Wednesday, March 27, 2013

Friend of Sinners

This blog post by Jen Hatmaker moved the point where I wanted to stand up and shout, "Hallelujah!" It is a relief when someone can articulate all that's been stirring in your heart.

I grew up in the evangelical church.

I was taught that people would come to Jesus through friendship evangelism...which meant that they would see my clean living and want what I have. I can count on no hands the number of times someone approached me and asked about Jesus after observing my non-alcoholic, G-rated lifestyle.

I was taught that loving people meant, basically, that you got along with the loud-mouth in the next cubicle or you refrained from flipping off the guy who swerved into your lane without signaling. 

I was taught to stand up for righteousness. In other words, to vote Republican, call out sin, wage war against immorality in the world around me. Strangely, I've never known any attempt to keep people from sinning that resulted in someone actually being set free from sin.

I was taught that there is blessing in obedience. I was not taught, or at least not taught effectively, that often there is suffering, deep anguish, loss, and even death before the blessing, but that the blessing is far better because of it.

In my opinion, the church is ripe with disillusionment because of its focus on morality, to the detriment of everything else. We have become almost convinced that morality will save us, our families, and our country. Clearly, it will not. 

We are a people who shoot our wounded and blame the victim. There is little room to wrestle with matters of faith, to voice a dissenting view, to meld real life with dogma.

People who are hurt or confused don't need platitudes and certainly do not need blame. They need a safe place to struggle. They need to know that they are loved, above all, and that they don't even need to agree to belong. They matter and their fears, their doubts, their confusion, their sin do not make them inferior or weaker. They simply make them human.

In my own church, I often feel that all my questioning (and sometimes dissenting) is looked on as a sign of weakness or immaturity. It is tempting to pretend that I have it all together so that I can be seen as the 43 year-old woman that's been a Christian for 39 years, the former Bible college student, the Baptist middle school graduate, the pastor's daughter, the ardent seeker of Jesus that I am, instead of the weaker sister or thorn in the side that I am perceived to be.

But, I want to be a bridge. I want to put my struggles out there in hopes that my authenticity will resonate with someone and they will find a safe place to be human, themselves.

I think the American church is missing the point. 

It's time to stop focusing on ourselves and how "good" we can be. It's time we got off our moral high horse and got our hands dirty. It's time we started loving people because that's just who we are, and not because we want to change them or score another notch on our salvation belt.

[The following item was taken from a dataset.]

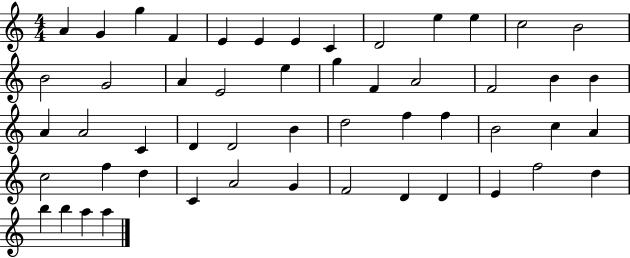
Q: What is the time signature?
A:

It's time to live like Jesus. 

He is worthy of so much more than our watered down version of His gospel. He is Emmanuel. God with us...with us in our suffering, with us in our doubts, with us in our need, with us in our struggling. He is not watching from afar, waiting for us to screw up or needing us to please Him with our own efforts at holiness. 

He is here.

He is with us now...wanting to show hope through our hearts, wanting to shine light through our eyes, wanting to meet needs through our hands, wanting to share love through our lives.

He is a friend of sinners. Let's start there.


  1. What does that look like, in your eyes? What does it mean to live like Jesus?

    1. When I read the gospels, what strikes me most about Jesus is his ability to be interrupted with complete grace. I want to be so open to the will of the Father that the needs of others supersede my own agenda...that I see the needs in those around me & that I willingly pour out my life to meet those needs. I want to love the unloved. I want to speak the truth. I want to be so convinced of his love for me that I don't hesitate to share that love with others, no matter how far outside my comfort zone He takes me. What does it look like to you?

    2. Hmm, I'm not certain that I know. I am very good at loving on the hurting, whether "churched" or not but I also live a lot of my life in the little church bubble.
      We (the churched, a gross generalization, I know) often go on a little mission trip, help, and then resume our daily lives, usually as if nothing inside us has been changed- or only changed for a brief time.
      How do we incorporate living for Jesus into our daily lives? This is something that I struggle with often. How does my life look different every day than that of someone who does not know Jesus as Lord and Saviour?
      It just seems to me that so many times this is talked about within our churches and then most continue their lives with practical atheism.

    3. Practical atheism. So true. Practically speaking, I struggle with what it looks like, too. But, we are jumping in! We started with supporting others' special needs adoptions. Then, we adopted a son with Down syndrome. This week, we're assembling Easter bags to give to the homeless downtown. (Because everyone deserves a Cadbury egg for Easter!) This summer, I will make the effort to not just tolerate, but welcome the annoying neighbor girl from down the street whose mother is an absentee addict. (effort, indeed!) I am certain that we'll do a lot of dumb, misguided things, but we're praying about it a lot and asking Him to show us need, to see people with His eyes, to break our hearts with what breaks His.